Start of ENTRIES SUPPLIED

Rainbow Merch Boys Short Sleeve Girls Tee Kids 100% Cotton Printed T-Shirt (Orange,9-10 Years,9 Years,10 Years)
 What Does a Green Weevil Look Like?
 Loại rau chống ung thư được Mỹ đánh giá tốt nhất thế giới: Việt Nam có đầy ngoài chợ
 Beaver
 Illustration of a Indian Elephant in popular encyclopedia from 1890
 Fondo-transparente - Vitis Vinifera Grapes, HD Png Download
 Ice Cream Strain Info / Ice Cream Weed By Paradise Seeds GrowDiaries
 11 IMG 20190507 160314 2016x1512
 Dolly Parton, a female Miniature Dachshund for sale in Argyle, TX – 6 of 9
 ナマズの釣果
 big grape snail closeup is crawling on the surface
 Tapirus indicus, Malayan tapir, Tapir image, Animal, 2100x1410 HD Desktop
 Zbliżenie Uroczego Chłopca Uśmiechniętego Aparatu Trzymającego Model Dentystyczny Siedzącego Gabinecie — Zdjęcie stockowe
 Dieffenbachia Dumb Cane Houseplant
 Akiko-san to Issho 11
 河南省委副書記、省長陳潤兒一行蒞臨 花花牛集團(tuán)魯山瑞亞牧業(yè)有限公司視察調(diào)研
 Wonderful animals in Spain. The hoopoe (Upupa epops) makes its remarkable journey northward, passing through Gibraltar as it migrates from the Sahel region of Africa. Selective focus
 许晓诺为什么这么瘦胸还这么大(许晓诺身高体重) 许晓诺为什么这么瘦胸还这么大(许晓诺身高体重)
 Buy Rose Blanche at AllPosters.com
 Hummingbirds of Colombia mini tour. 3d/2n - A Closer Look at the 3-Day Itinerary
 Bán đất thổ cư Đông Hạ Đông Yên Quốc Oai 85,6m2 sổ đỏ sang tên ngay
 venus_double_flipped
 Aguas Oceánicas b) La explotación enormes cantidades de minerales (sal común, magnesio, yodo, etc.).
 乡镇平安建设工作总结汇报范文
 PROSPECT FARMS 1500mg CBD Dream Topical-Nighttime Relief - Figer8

End of ENTRIES SUPPLIED

EXERCISE PROMPT: Find all the lines with "from" in the data and copy them.

RESPONSE TO THE EXERCISE:
 Illustration of a Indian Elephant in popular encyclopedia from 1890
 Wonderful animals in Spain. The hoopoe (Upupa epops) makes its remarkable journey northward, passing through Gibraltar as it migrates from the Sahel region of Africa. Selective focus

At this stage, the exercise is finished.